Consider this. You can ask one OpenGL context to hold off rendering something until another context has finished doing something. This allows synchronization between two contexts. You can have an application with two threads and two contexts (or more, if you want). If you create a sync object in each context, and then in each context you wait for the sync objects from the other contexts using either glClientWaitSync, you know that when all of the functions have returned, all of those contexts are synchronized with each other. Together with thread synchronization primitives provided by your OS (such as semaphores), you can keep rendering to multiple windows in sync.

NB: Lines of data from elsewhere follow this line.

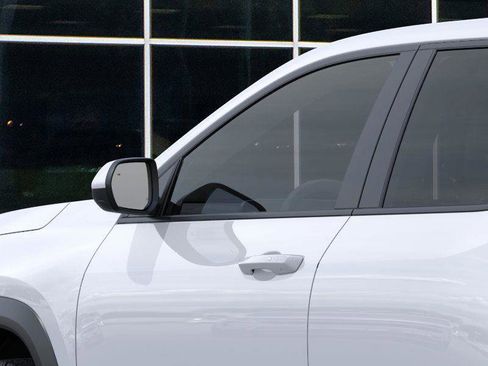 New 2026 Chevrolet Equinox LT w/ Convenience Package II image 12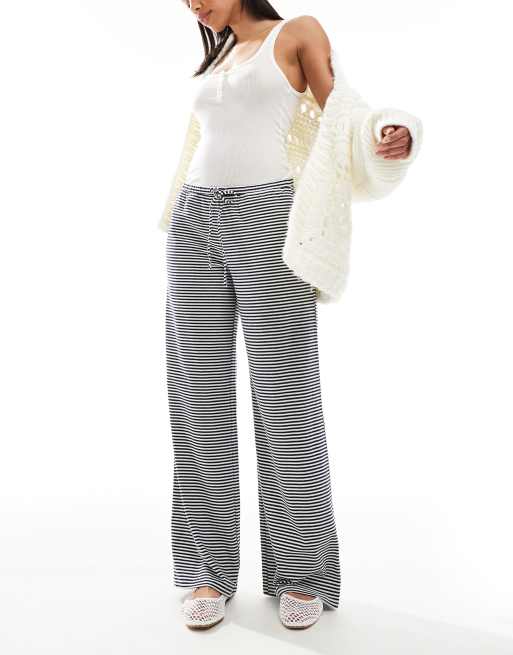 Pantalones a rayas blancas y negras holgados de talle bajo de Hollister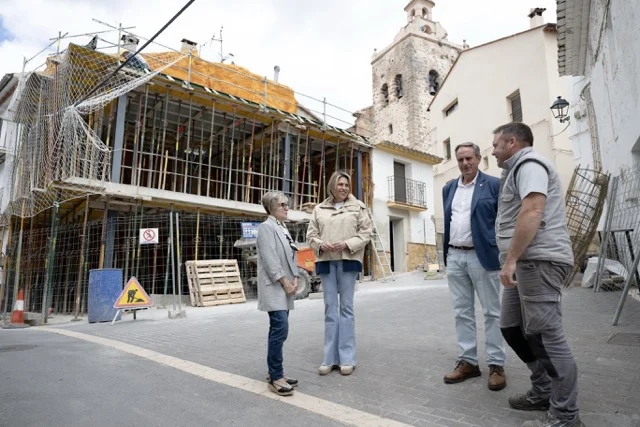 Pina de Montalgrao - vivienda rural (1) en tamaño mediano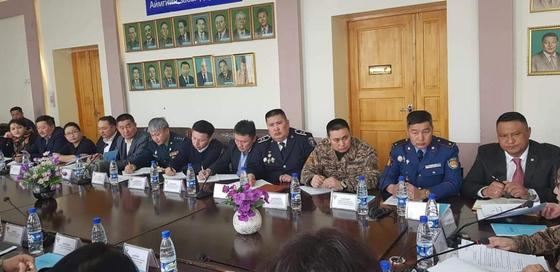 Моңғолияның қыстауында тұратын қазақтардың малы жұттан қырылып қалды Моңғолияның қыстауында тұратын қазақтардың малы жұттан қырылып қалды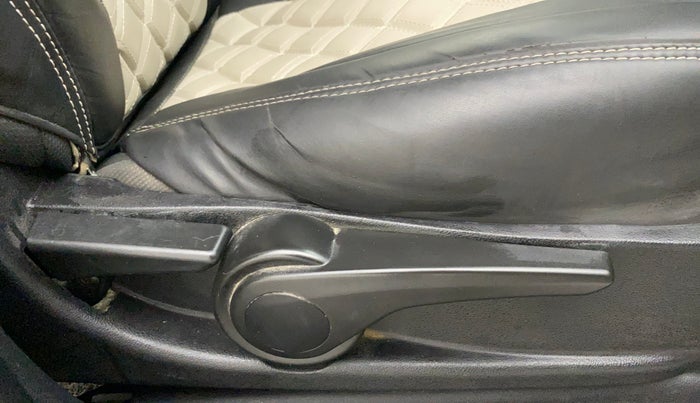 2018 Tata Tiago XZA PETROL, Petrol, Automatic, 1,12,133 km, Driver Side Adjustment Panel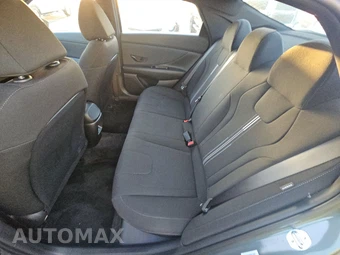 2026 Hyundai Elantra SEL Sport - miniatura 13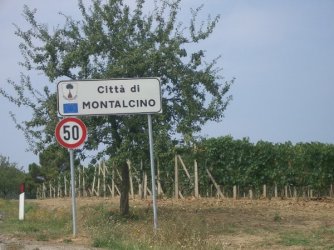 Ortseingang Montalcino.JPG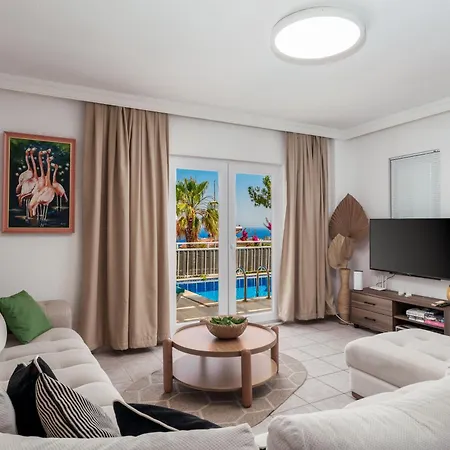 Villa Kalkan'da Deniz Manzarali 6 Kisilik *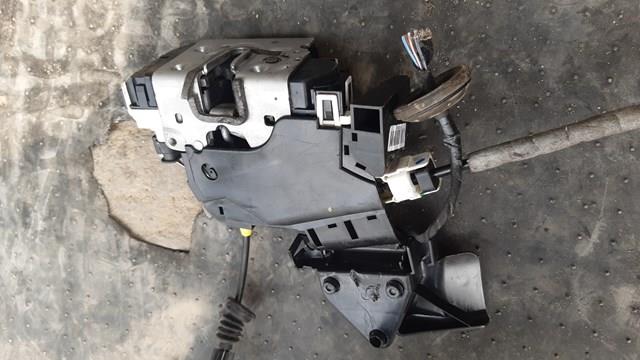 Замок передней пассажирской двери A2047200635 MERCEDES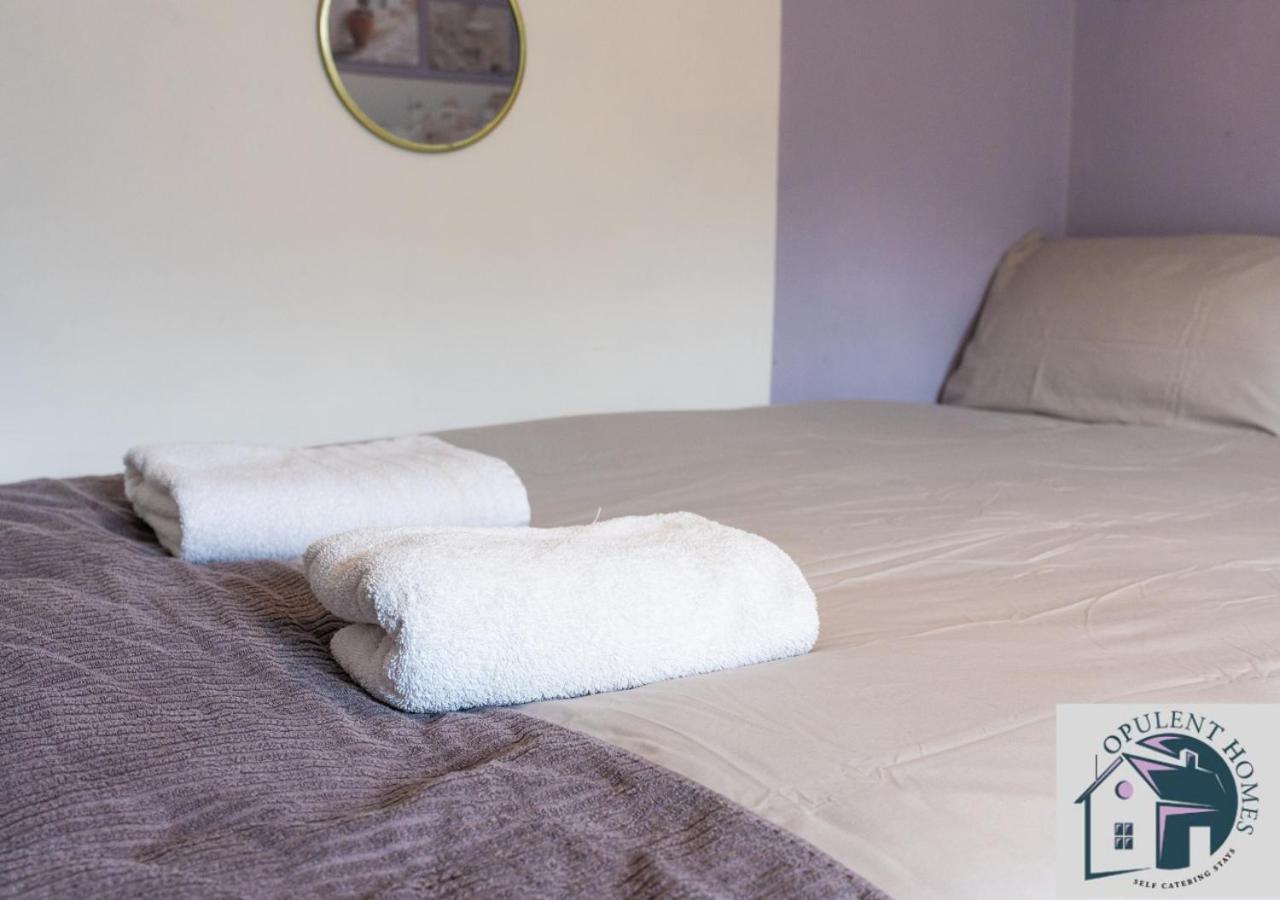 Вілла Contractors Pad - 4 Bed Town House - Cent Reading - Free Parking Екстер'єр фото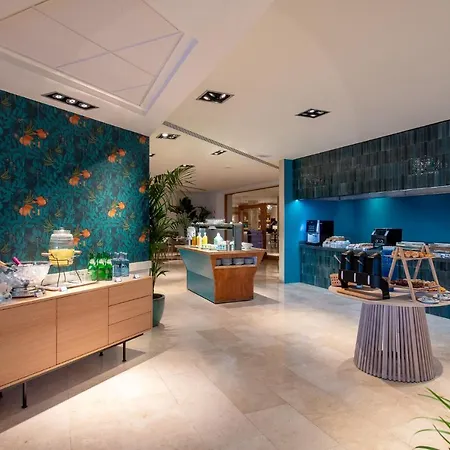 Hotel Oceanfront - Preferred And 5*
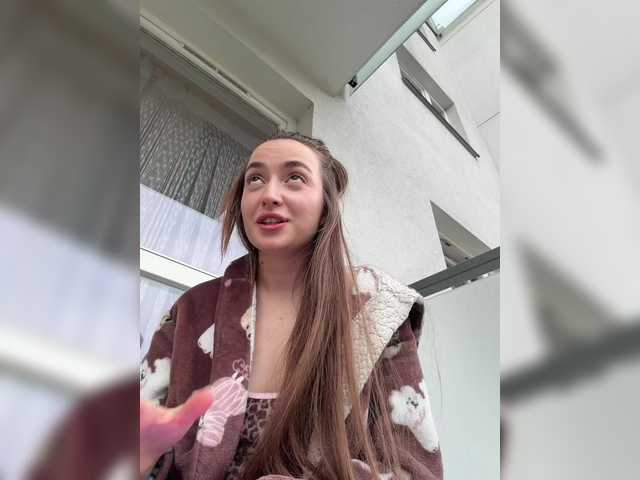 ChloeMeow's BongaCams show and profile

An example of this type of usage is when a buffer is shared between two contexts. The first context is writing to the buffer using transform feedback, while the second context wants to draw the results of the transform feedback. The first context would draw using transform feedback mode. After calling glEndTransformFeedback, it immediately calls glFenceSync. Now, the application makes the second context current and calls glWaitSync to wait for the sync object to become signaled. It can then issue more commands to OpenGL (on the new context), and those are queued up by the drivers, ready to execute. Only when the GPU has finished recording data into the transform feedback buffers with the first context does it start to work on the commands using that data in the second context.

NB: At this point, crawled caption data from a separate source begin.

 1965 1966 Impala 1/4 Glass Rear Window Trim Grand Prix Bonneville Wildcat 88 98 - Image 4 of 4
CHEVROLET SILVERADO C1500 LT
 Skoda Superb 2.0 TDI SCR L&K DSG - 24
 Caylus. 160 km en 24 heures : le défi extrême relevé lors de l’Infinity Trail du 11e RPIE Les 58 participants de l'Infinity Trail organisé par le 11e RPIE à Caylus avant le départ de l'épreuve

There are also extensions and other functionality in APIs like OpenCL that allow asynchronous writes to buffers. You can use glWaitSync to ask a GPU to wait until the data in a buffer is valid by creating a sync object on the context that generates the data and then waiting for that sync object to become signaled on the context that’s going to consume the data.

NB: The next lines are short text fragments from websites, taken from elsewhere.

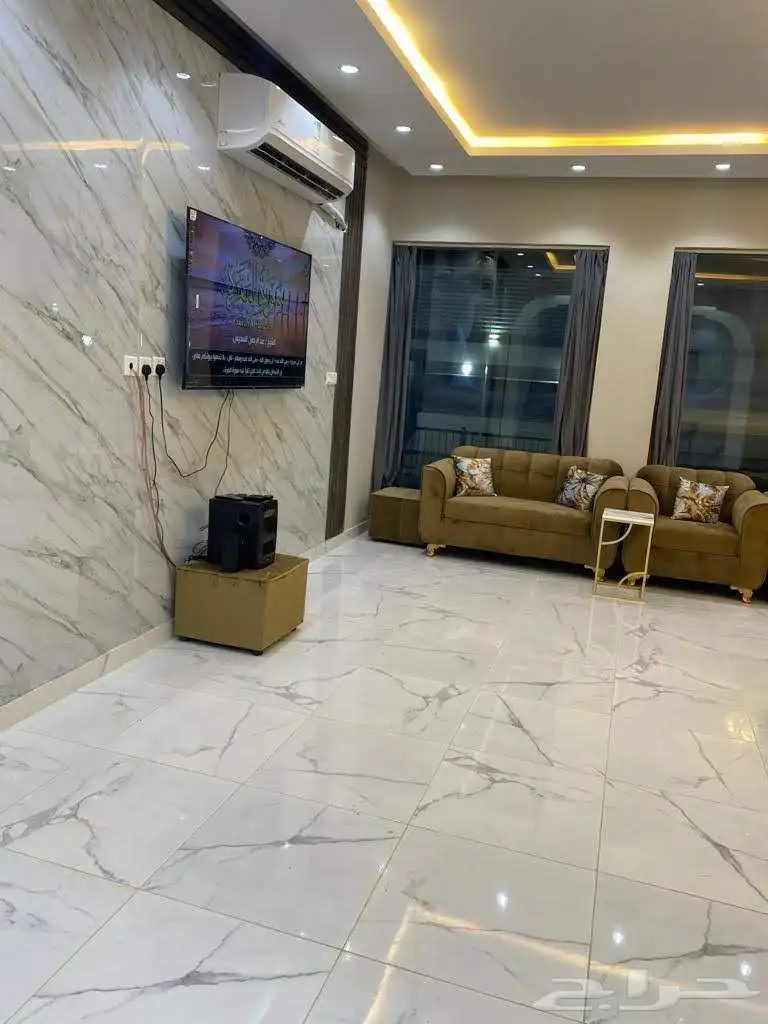 شاليه واستراحة للايجاراليومي في حي الجامعه 12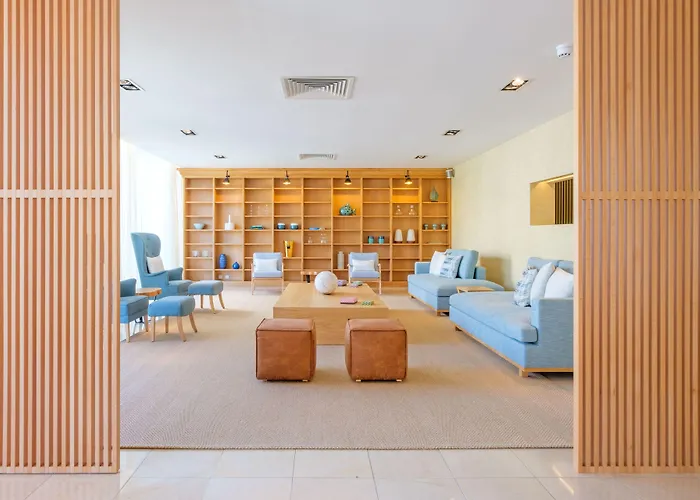 Malibu Foz - La Maison Younan Hotel Figueira da Foz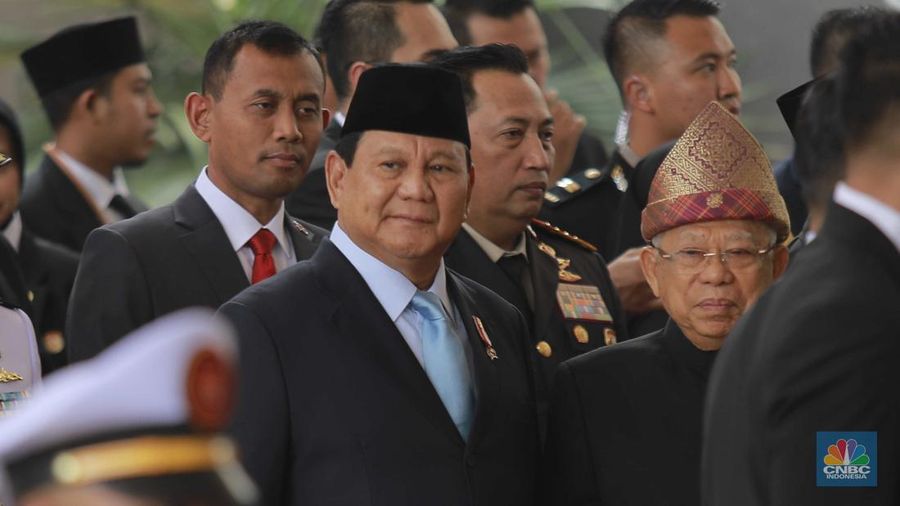 Presiden terpilih Prabowo Subianto berbincang dengan Wakil Presiden RI Maruf Amin usai menghadiri sidang tahunan DPR/MPR RI, di Kompleks Parlemen Senayan, Jakarta, Jumat, (16/8/2024). (²©²ÊÍøÕ¾/Muhammad Sabki)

Sync objects only ever go from the unsignaled to the signaled state. There is no mechanism to put a sync object back into the unsignaled state, even manually. This is because a manual flip of a sync object can cause race conditions and possibly hang the application. Consider the situation where a sync object is created, reaches the end of the pipeline and becomes signaled, and then the application set it back to unsignaled. If another thread tried to wait for that sync object but didn’t start waiting until after the application had already set the sync object back to the unsignaled state, it would wait forever. Each sync object therefore represents a one-shot event, and every time a synchronization is required, a new sync object must be created by calling glFenceSync. Although it is always important to clean up after yourself by deleting objects when you’re done with them, this is particularly important with sync objects because you might be creating many new ones every frame. To delete a sync object, call

glDeleteSync(sync);

This deletes the sync object. This may not occur immediately; any thread that is watching for the sync object to become signaled will still wait for its respective timeouts, and the object will actually be deleted once nobody’s watching it any more. Thus, it is perfectly legal to call glWaitSync followed by glDeleteSync even though the sync object is still in the OpenGL pipeline.